En realidad, no es otra cosa que una calculadora con complejo de gurú.

La magia de la IA

Si te dijera que esas respuestas tan “sorprendentes”, que suenan como dictadas por un ente omnisciente, en realidad son producto de unas cuantas sumas, restas y multiplicaciones, ¿seguirías confiando tus decisiones más personales a una app? ¿Dejarías que Tinder elija tu pareja ideal? ¿O que un generador de texto redacte tu ensayo sobre un tema que ni te molestaste en leer?

La inteligencia artificial no es una tecnología recién salida de un laboratorio secreto. Es más vieja de lo que crees. Incluso Doom de 1993 —ese juego de demonios pixelados que puedes correr en un microondas— ya incorporaba un sistema de IA para que los enemigos supieran cuándo dispararte o cuándo cubrirse.

Hoy, sin embargo, muchos creen que poner un filtro de perro en la cara es prueba de que vivimos en un futuro de ciencia ficción.

¿Es la IA un ente malévolo?

La IA no conspira.
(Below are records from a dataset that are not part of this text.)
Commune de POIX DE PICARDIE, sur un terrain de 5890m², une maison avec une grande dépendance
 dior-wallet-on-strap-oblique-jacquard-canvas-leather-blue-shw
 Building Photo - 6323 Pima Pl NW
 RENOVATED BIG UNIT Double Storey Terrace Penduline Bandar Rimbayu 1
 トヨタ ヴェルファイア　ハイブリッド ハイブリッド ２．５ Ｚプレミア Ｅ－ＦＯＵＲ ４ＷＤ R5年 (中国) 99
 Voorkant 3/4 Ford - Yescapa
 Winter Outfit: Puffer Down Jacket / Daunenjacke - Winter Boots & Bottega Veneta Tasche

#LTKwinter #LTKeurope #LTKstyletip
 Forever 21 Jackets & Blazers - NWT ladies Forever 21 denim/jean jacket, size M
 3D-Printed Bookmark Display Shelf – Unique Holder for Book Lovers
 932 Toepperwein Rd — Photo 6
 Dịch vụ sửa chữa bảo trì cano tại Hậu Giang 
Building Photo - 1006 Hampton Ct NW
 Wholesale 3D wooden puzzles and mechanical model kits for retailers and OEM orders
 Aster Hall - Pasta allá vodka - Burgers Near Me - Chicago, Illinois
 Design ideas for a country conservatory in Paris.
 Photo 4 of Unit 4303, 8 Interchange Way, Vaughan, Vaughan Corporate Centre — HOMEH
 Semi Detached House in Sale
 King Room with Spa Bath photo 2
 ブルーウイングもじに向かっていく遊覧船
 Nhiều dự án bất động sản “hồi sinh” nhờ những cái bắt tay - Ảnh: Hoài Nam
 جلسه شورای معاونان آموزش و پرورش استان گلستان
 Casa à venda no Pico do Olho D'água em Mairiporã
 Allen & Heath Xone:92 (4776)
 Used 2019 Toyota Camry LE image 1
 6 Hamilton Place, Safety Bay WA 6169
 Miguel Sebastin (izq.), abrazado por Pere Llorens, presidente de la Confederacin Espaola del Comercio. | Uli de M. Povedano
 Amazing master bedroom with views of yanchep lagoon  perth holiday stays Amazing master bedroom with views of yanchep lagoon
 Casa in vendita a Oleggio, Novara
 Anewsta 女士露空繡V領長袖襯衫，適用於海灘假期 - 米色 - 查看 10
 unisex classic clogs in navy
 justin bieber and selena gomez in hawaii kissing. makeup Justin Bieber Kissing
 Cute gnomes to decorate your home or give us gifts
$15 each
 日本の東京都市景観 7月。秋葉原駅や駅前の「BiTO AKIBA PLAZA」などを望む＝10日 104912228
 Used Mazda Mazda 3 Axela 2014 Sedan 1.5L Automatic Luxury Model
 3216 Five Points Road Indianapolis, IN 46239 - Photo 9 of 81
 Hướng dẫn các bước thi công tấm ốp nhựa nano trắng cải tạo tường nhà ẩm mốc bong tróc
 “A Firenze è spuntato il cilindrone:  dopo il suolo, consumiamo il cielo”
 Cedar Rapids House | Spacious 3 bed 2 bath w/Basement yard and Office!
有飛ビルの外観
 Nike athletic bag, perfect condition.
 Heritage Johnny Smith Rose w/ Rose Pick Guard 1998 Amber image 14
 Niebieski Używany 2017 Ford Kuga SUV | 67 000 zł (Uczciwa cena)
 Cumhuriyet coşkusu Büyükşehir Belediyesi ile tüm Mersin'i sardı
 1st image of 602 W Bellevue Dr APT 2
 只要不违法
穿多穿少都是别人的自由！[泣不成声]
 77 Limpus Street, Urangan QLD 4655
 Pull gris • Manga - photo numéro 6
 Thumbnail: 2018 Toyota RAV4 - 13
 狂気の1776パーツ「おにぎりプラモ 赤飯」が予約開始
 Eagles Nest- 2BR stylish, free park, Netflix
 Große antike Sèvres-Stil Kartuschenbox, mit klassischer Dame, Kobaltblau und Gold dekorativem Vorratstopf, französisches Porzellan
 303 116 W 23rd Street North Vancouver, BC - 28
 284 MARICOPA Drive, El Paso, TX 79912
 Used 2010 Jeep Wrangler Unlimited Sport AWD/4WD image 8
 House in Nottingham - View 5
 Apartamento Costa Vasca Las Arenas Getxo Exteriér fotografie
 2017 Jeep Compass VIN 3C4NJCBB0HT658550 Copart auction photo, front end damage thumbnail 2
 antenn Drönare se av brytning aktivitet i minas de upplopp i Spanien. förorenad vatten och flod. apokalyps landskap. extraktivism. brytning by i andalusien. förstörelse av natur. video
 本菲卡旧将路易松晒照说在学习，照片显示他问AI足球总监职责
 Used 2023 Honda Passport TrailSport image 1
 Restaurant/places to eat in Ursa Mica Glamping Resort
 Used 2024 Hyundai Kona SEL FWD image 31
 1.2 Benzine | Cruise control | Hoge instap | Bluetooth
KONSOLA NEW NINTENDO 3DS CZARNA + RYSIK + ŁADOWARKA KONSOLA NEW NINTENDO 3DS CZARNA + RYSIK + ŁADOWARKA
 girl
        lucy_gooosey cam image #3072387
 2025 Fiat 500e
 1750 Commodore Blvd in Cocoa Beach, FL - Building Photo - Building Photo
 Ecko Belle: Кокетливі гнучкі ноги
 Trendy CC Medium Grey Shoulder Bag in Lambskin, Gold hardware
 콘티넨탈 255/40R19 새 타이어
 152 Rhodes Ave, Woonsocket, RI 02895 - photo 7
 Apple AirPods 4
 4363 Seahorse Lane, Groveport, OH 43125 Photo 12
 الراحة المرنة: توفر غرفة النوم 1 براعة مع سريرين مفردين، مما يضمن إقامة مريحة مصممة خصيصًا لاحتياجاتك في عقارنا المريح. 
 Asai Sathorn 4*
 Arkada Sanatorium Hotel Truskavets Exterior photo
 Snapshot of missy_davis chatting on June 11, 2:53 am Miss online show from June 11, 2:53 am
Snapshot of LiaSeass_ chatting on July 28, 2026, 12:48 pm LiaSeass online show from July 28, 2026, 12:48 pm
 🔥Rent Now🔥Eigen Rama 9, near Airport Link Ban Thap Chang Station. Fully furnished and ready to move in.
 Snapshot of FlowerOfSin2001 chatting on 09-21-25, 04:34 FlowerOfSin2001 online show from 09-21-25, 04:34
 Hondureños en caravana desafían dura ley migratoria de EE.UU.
No planea. No te odia.
Solo procesa datos de acuerdo con las instrucciones que alguien escribió.

Ahora, quienes la diseñan sí tienen intereses, y rara vez coinciden con los tuyos.

El objetivo no es ayudarte: es mantenerte enganchado, hacer que aceptes sus sugerencias sin cuestionarlas y convertir tu atención en un negocio rentable. Si quieres buscar la malicia, no la encontrarás en las líneas de código: está en la manera en que se usan para manipularte.

¿Tenemos responsabilidad?

Depende.
Si prefieres vivir como un espectador pasivo que repite lo que le enseñan, entonces ninguna.
Pero si te interesa ser libre y decidir con criterio, la responsabilidad es parte del trato.

Puedes quedarte ahí, sentado frente al oráculo digital, creyendo que sus respuestas flotan en algún Olimpo de silicio. O puedes asomarte detrás del telón y descubrir que todo es un puñado de calculos disfrazados de sabiduría. No necesitas un título de ingeniero ni memorizar mil manuales: basta con la incomodidad de no tragarte entero todo lo que te sirven. Si te pica la curiosidad, bienvenido: somos esa minoría impertinente que prefiere entender el truco antes de aplaudir el show.